Da direcção de fotografia de Vittorio Sala que tira partido da luz exterior nos primeiros dois segmentos e que entrega o espectador à escuridão no último, passando pela direcção de arte da Carina Gaspar que transforma uma acolhedora casa britânica num espaço confinado que parece encolher à medida que os minutos passam, sem esquecer a mais uma vez brilhante direcção musical de Alexander Arntzen, Insanium comprova o rigor técnico e narrativo do realizador de Limbo (2016) que já então havia criado uma história de género fantástico aqui repetido esquecendo agora os pequenos detalhes que podem conduzir uma história, apresentando os momentos necessários para que o espectador se mantenha interessado na conclusão da dinâmica entre os dois irmãos, deles com a sua família e de todos numa casa notoriamente marcada por um passado (presente) e talvez futuro violento que transformará para sempre as suas vidas.

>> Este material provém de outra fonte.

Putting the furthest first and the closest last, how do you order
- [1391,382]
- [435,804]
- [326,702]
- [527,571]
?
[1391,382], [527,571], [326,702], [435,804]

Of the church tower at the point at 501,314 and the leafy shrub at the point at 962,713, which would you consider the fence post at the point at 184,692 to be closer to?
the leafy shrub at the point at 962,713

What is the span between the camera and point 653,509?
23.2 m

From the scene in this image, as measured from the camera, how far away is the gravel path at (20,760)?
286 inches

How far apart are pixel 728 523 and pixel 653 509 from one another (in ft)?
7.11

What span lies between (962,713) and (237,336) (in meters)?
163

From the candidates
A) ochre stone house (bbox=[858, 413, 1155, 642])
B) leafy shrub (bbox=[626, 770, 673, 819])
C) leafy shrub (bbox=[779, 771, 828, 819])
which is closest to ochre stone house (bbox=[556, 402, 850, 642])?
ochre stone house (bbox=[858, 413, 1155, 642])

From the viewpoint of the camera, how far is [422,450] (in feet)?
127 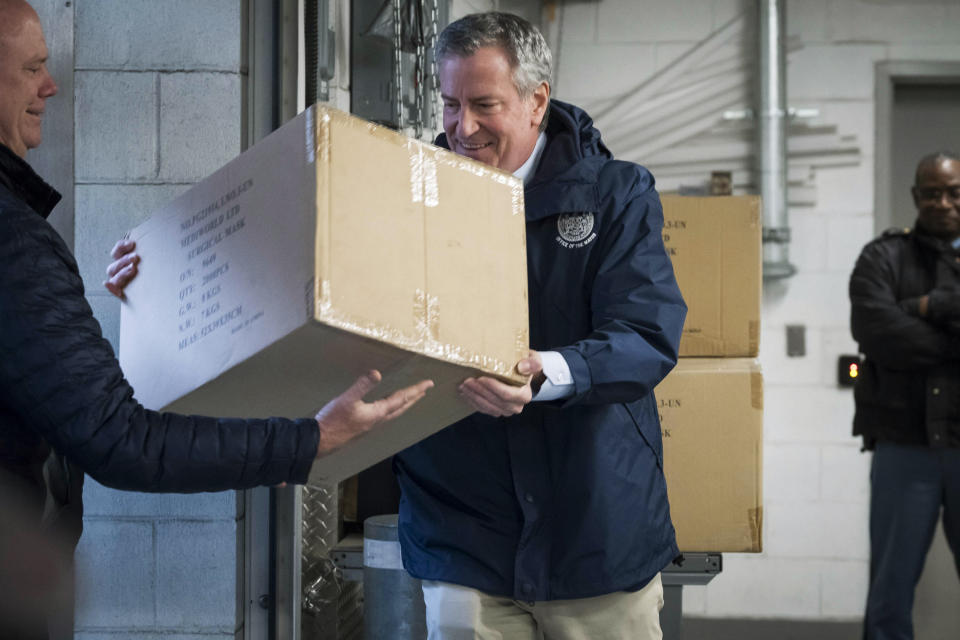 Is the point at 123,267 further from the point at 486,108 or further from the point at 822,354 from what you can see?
the point at 822,354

É, no entanto, já bem perto do final que esta tensão é menorizada quando os dois jovens se riem descontroladamente do seu presente quando... um breve e irónico sorriso teria feito tremer mais todos aqueles que assistem a esta história e lançando na incerteza as convicções que, até então, o público tinha firmado.
Não sendo uma história absolutamente inovadora - pois o espectador consegue (no final e apenas no final) relacioná-la com outros filmes nos quais este género facilmente se insere -, Insanium é um filme curto inteligente do ponto de vista da sua narrativa e da sua composição técnica capaz de sobreviver enquanto filme uno ou como três pequenos filmes independentes - à la trilogia - que deixam o espectador com expectativa sobre o capítulo seguinte, mas também convincente do ponto de vista das suas interpretações apenas "fragilizadas" por aquele breve momento final e por toda uma atmosfera ligeira que, no entanto, se afirma pela qualidade com que constrói todo um espaço de terror numa casa onde, afinal, o espectador pouco vê sobre o terror que se "esconde".